Im vorliegenden Fall urteilte erstinstanzlich ein Einzelgericht. Nach der Rechtsprechung ist auch in dieser Konstellation ein schriftliches Berufungsverfahren nur zulässig, wenn die Anwesenheit der beschuldigten Person nicht erforderlich ist (BGE 147 IV 127 E. 2.2.2 und 3.2; Urteile 6B_931/2021 vom 15. August 2022 E. 2.3.2; 6B_1419/2021 vom 18. März 2022 E. 2.3.1). Nach der Praxis ist die Anwesenheit der beschuldigten Person dann im Sinne von Art. 406 Abs. 2 lit. a StPO erforderlich, wenn das Berufungsgericht die erstinstanzlichen Sachverhaltsfeststellungen verwerfen und die beschuldigte Person in Abänderung des angefochtenen Urteils schuldig sprechen will. Diesfalls kann es den Sachverhalt nicht lediglich auf Grundlage der Akten feststellen, sondern hat die beschuldigte Person zu einer mündlichen Verhandlung vorzuladen, sodass sich diese zu den Vorwürfen persönlich äussern und diejenigen Umstände vorbringen kann, die der Klärung des Sachverhalts und ihrer Verteidigung dienen können (BGE 147 IV 127 E. 3.1). Gleiches muss gelten, wenn das Berufungsgericht die erstinstanzlichen Sachverhaltsfeststellungen verwerfen und die beschuldigte Person im Gegensatz zur Erstinstanz freisprechen will. Auch in diesem Fall kann es den Sachverhalt nicht bloss aufgrund der Akten feststellen (E. 3.5.1, Hervorhebungen durch mich).  

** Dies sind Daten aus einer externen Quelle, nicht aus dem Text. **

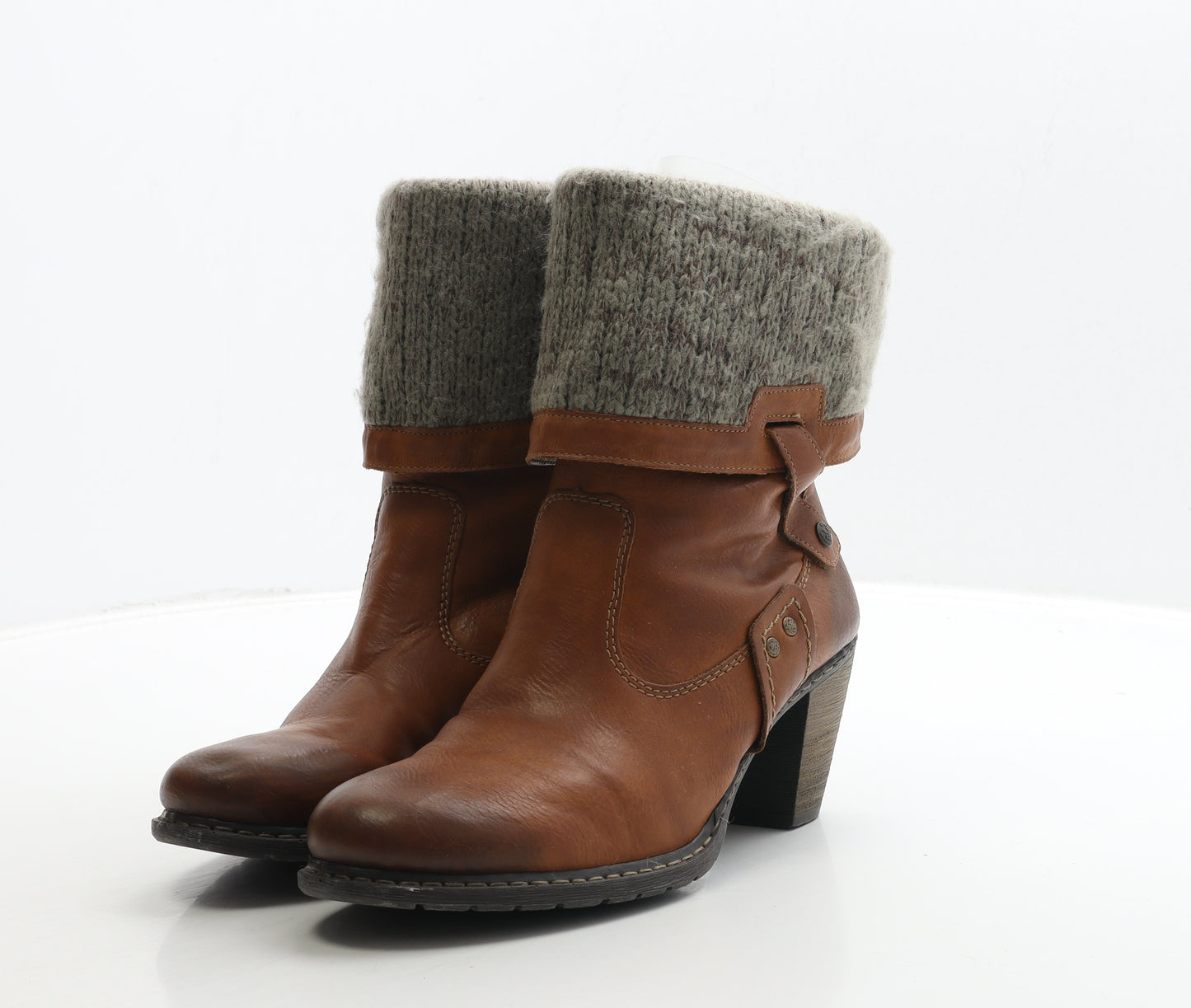 Rieker Womens Brown Leather Biker Boot UK 6 39 - Knit Trim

Abgesehen von der fragwürdigen Formulierung über das, was ein Berufungsgericht „will“, erscheint mir die hervorgehobene Passage jedenfalls bei Anwendung von Art. 406 Abs. 2 StPO als qualifiziert falsch. Man muss den Beschuldigten, dem ein Freispruch droht, sicher nicht mündlich anhören und der Privatkläger muss ja mit dem schriftlichen Verfahren einverstanden gewesen sein. In der umgekehrten Konstellation ist die Rechtsprechung des Bundesgerichts nach dem 147er-Entscheid hingegen richtig.